In the context of contemporary fertility battles, this is bound to lead to argument. Should a citizen who doesn’t approve of birth control be understood to be funding the birth control of those who choose to use it — and therefore have a basis for objecting? Or should we understand that the many tax payments from those who approve of birth control for those who want it are those that are funding it, while the taxes of those who don’t approve of birth control are funding the costs associated with birthing and raising unplanned kids?

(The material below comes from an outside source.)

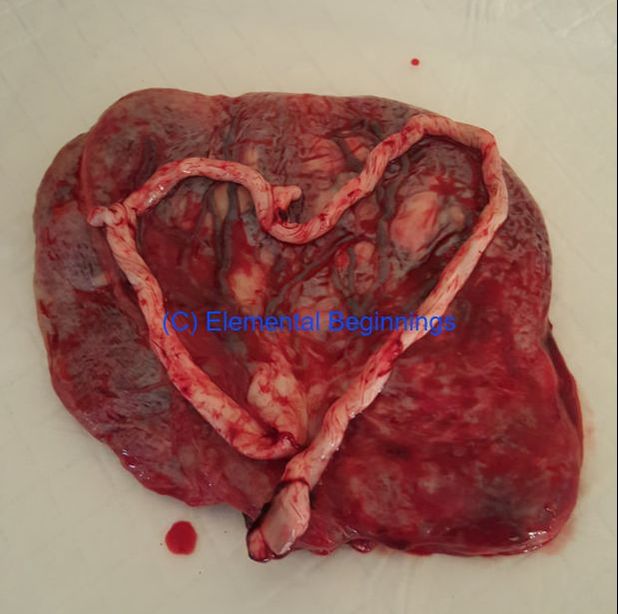 False knots in umbilical cord | Elemental Beginnings | Placenta encapsulation Adelaide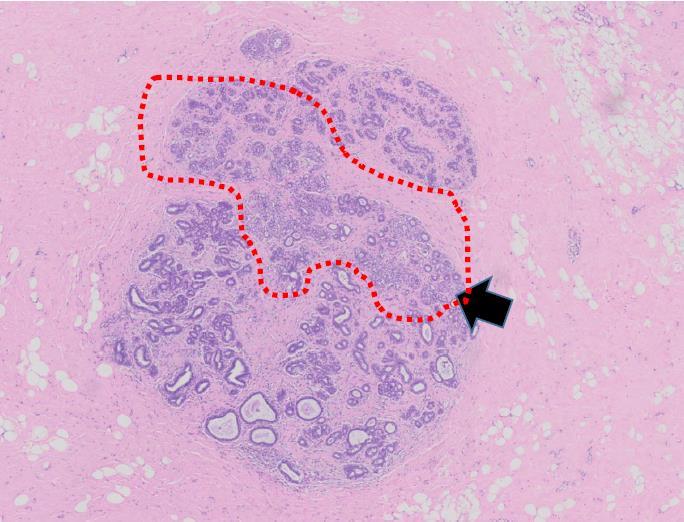 ALH LCIS < 50% UDLT > 50% UDLT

The IOM, a nonpartisan medical review board, finds that birth control is one among several key preventive measures (along with screens for disease and domestic violence) that would markedly improve the health of women. A future in which women’s health matters? The fact that it’s proposed at all suggests that we’ve already made progress toward that future. Debate will follow. And women will doubtless have much to say, as well as increasingly powerful voices with which to say it.

Update: The Secretary of Health and Human Services Kathleen Sebelius has issued new guidelines adopting the IOM recommendations.

The guidelines call for no cost to patients for such services as:
Well-woman visits
Gestational diabetes screening
HPV DNA testing
STI counseling, and HIV screening and counseling
Contraception and contraceptive counseling (yes, that’s free birth control)
Breastfeeding support, supplies, and counseling
Domestic violence screening

“The Affordable Care Act – the health insurance reform legislation passed by Congress and signed into law by President Obama on March 23, 2010 – helps make prevention affordable and accessible for all Americans by requiring health plans to cover preventive services and by eliminating cost sharing. Preventive services that have strong scientific evidence of their health benefits must be covered and plans can no longer charge a patient a copayment, coinsurance or deductible for these services when they are delivered by a network provider.”